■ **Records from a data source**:
::::::::

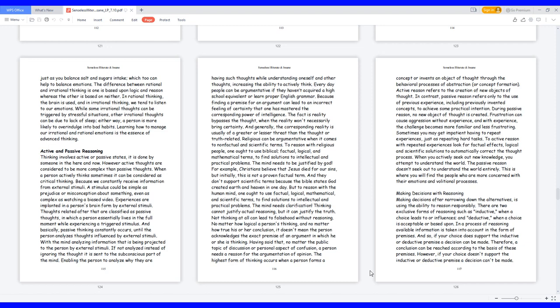Religious people can be argumentative when it comes to non-factual and scientific terms. To reason with religious people, one ought to use biblical, factual, logical, and mathematical terms to find solutions to intellectual and practical problems. The mind needs to be justified by God. For example, Christians believe that Jesus died for our sins, but initially this is not a proven factual term. And they don't support scientific terms because the Bible states God created earth and heaven in one day.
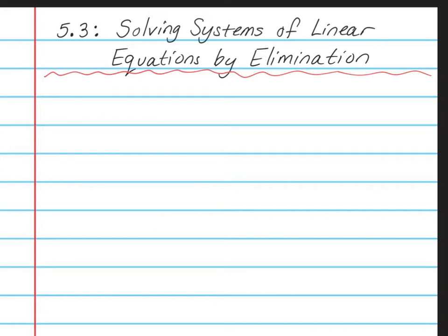Hello, Math 8 students. This is Mrs. Yaud. Today I'm going to teach you Chapter 5, Lesson 3, which is about solving systems of linear equations.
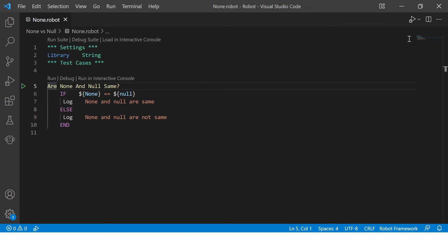This test case compares none and null and accordingly it prints if none and null are equal or same. If these are equal, otherwise it will print these variables are not same.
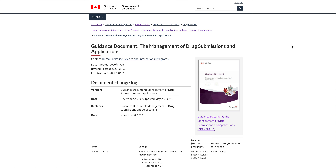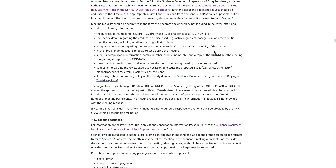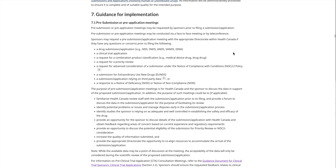That concludes the presentation related to the Pre-New Drug Submission application. To recap, we used the guidance document — Management of Drug Submissions and Applications from the Government of Canada website — specifically Section 7, for very specific information on this topic. Thank you so much for joining me for today's lecture. I hope you enjoyed learning more about pre-submission and pre-application meetings prepared for Health Canada.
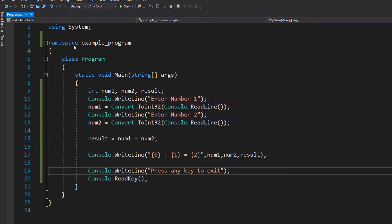So this is how you can write a simple C# program to add two numbers. If you like this video then hit the like button; if you don't, hit the dislike button. If you want to say something, write it in the comment box. For more tutorials like this, subscribe to the channel. Thank you for watching — I will see you in the next video.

::::::::

■ **Exercise prompt**: Your copy of the data should match it exactly, apart from the images, which are omitted.

■ **Response area**:
Religious people can be argumentative when it comes to non-factual and scientific terms. To reason with religious people, one ought to use biblical, factual, logical, and mathematical terms to find solutions to intellectual and practical problems. The mind needs to be justified by God. For example, Christians believe that Jesus died for our sins, but initially this is not a proven factual term. And they don't support scientific terms because the Bible states God created earth and heaven in one day.
Hello, Math 8 students. This is Mrs. Yaud. Today I'm going to teach you Chapter 5, Lesson 3, which is about solving systems of linear equations.
This test case compares none and null and accordingly it prints if none and null are equal or same. If these are equal, otherwise it will print these variables are not same.
That concludes the presentation related to the Pre-New Drug Submission application. To recap, we used the guidance document — Management of Drug Submissions and Applications from the Government of Canada website — specifically Section 7, for very specific information on this topic. Thank you so much for joining me for today's lecture. I hope you enjoyed learning more about pre-submission and pre-application meetings prepared for Health Canada.
So this is how you can write a simple C# program to add two numbers. If you like this video then hit the like button; if you don't, hit the dislike button. If you want to say something, write it in the comment box. For more tutorials like this, subscribe to the channel. Thank you for watching — I will see you in the next video.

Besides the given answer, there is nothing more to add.